**Problem description:** Write out the listing below exactly, beginning at its first line and ending with the line that contains "Automatic Touchless Bathroom".
+++
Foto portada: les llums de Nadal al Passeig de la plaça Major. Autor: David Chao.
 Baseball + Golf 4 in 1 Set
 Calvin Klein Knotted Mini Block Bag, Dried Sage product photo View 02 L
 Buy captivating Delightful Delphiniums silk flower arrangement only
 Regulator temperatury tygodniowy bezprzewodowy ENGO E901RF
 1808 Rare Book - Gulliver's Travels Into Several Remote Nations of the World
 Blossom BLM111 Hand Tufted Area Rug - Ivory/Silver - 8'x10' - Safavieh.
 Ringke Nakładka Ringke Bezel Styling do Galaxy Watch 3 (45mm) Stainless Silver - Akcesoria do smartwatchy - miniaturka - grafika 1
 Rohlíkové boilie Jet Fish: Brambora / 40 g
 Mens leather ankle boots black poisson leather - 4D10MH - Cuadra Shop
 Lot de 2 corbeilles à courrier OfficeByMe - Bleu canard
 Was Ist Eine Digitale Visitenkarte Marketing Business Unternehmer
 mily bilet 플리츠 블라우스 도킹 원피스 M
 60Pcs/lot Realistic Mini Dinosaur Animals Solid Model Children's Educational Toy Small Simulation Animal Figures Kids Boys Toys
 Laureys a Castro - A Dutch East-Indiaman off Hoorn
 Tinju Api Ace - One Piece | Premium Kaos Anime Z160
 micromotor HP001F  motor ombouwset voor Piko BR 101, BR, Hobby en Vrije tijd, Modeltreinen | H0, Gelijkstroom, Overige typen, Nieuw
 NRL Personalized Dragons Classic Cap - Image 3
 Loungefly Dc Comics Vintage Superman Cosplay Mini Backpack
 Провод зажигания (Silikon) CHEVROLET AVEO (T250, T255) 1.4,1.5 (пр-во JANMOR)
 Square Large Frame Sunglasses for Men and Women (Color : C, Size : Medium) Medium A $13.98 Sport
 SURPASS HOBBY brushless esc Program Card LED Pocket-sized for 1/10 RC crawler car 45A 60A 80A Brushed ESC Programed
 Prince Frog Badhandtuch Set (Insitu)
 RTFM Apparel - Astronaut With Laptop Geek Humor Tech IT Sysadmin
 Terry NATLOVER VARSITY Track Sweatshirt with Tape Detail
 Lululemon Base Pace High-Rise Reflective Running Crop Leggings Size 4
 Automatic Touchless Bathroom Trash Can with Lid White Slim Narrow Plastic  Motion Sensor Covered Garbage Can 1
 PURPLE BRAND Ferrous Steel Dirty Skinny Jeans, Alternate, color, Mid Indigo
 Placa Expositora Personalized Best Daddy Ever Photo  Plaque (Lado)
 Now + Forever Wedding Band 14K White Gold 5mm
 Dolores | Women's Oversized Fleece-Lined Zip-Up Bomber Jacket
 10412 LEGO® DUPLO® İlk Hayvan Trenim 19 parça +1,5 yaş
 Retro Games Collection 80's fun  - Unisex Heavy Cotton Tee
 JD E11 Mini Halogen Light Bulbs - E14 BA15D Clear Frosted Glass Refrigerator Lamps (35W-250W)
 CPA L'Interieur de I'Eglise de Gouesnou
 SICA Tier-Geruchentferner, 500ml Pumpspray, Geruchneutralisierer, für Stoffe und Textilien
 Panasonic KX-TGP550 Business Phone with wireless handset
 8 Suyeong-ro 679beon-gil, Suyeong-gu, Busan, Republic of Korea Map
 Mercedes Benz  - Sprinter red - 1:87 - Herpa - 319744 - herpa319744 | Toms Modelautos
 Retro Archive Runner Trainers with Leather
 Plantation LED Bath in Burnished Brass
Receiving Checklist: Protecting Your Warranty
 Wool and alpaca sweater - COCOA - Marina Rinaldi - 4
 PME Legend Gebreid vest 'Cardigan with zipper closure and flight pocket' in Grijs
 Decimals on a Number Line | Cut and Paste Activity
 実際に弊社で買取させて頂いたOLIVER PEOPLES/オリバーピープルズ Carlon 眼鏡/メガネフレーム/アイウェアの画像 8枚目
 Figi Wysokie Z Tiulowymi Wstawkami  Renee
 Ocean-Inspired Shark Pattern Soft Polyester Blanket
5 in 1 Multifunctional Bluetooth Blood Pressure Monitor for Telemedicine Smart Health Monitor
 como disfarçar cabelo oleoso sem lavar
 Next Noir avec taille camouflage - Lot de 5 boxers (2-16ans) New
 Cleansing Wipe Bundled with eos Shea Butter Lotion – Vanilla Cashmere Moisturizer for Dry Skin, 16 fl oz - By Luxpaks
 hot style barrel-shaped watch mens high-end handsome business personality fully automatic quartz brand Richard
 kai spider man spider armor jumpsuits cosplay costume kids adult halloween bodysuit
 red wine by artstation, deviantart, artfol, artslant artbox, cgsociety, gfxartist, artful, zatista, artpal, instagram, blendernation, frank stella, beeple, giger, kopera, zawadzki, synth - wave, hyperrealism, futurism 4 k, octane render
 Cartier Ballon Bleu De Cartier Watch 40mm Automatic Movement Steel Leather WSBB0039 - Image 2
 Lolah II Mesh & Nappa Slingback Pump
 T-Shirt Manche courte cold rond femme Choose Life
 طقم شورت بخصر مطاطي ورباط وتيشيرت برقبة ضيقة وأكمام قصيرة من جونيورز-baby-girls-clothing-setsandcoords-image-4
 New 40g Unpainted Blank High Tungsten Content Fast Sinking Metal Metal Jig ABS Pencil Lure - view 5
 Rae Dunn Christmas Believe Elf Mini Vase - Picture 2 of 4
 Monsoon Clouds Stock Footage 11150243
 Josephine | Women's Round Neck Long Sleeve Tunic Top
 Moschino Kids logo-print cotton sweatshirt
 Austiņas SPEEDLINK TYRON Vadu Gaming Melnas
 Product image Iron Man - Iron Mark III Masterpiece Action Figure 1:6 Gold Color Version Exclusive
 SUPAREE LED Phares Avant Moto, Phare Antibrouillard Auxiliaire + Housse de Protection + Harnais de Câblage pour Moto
+++
**Problem solution:**
Foto portada: les llums de Nadal al Passeig de la plaça Major. Autor: David Chao.
 Baseball + Golf 4 in 1 Set
 Calvin Klein Knotted Mini Block Bag, Dried Sage product photo View 02 L
 Buy captivating Delightful Delphiniums silk flower arrangement only
 Regulator temperatury tygodniowy bezprzewodowy ENGO E901RF
 1808 Rare Book - Gulliver's Travels Into Several Remote Nations of the World
 Blossom BLM111 Hand Tufted Area Rug - Ivory/Silver - 8'x10' - Safavieh.
 Ringke Nakładka Ringke Bezel Styling do Galaxy Watch 3 (45mm) Stainless Silver - Akcesoria do smartwatchy - miniaturka - grafika 1
 Rohlíkové boilie Jet Fish: Brambora / 40 g
 Mens leather ankle boots black poisson leather - 4D10MH - Cuadra Shop
 Lot de 2 corbeilles à courrier OfficeByMe - Bleu canard
 Was Ist Eine Digitale Visitenkarte Marketing Business Unternehmer
 mily bilet 플리츠 블라우스 도킹 원피스 M
 60Pcs/lot Realistic Mini Dinosaur Animals Solid Model Children's Educational Toy Small Simulation Animal Figures Kids Boys Toys
 Laureys a Castro - A Dutch East-Indiaman off Hoorn
 Tinju Api Ace - One Piece | Premium Kaos Anime Z160
 micromotor HP001F  motor ombouwset voor Piko BR 101, BR, Hobby en Vrije tijd, Modeltreinen | H0, Gelijkstroom, Overige typen, Nieuw
 NRL Personalized Dragons Classic Cap - Image 3
 Loungefly Dc Comics Vintage Superman Cosplay Mini Backpack
 Провод зажигания (Silikon) CHEVROLET AVEO (T250, T255) 1.4,1.5 (пр-во JANMOR)
 Square Large Frame Sunglasses for Men and Women (Color : C, Size : Medium) Medium A $13.98 Sport
 SURPASS HOBBY brushless esc Program Card LED Pocket-sized for 1/10 RC crawler car 45A 60A 80A Brushed ESC Programed
 Prince Frog Badhandtuch Set (Insitu)
 RTFM Apparel - Astronaut With Laptop Geek Humor Tech IT Sysadmin
 Terry NATLOVER VARSITY Track Sweatshirt with Tape Detail
 Lululemon Base Pace High-Rise Reflective Running Crop Leggings Size 4
 Automatic Touchless Bathroom Trash Can with Lid White Slim Narrow Plastic  Motion Sensor Covered Garbage Can 1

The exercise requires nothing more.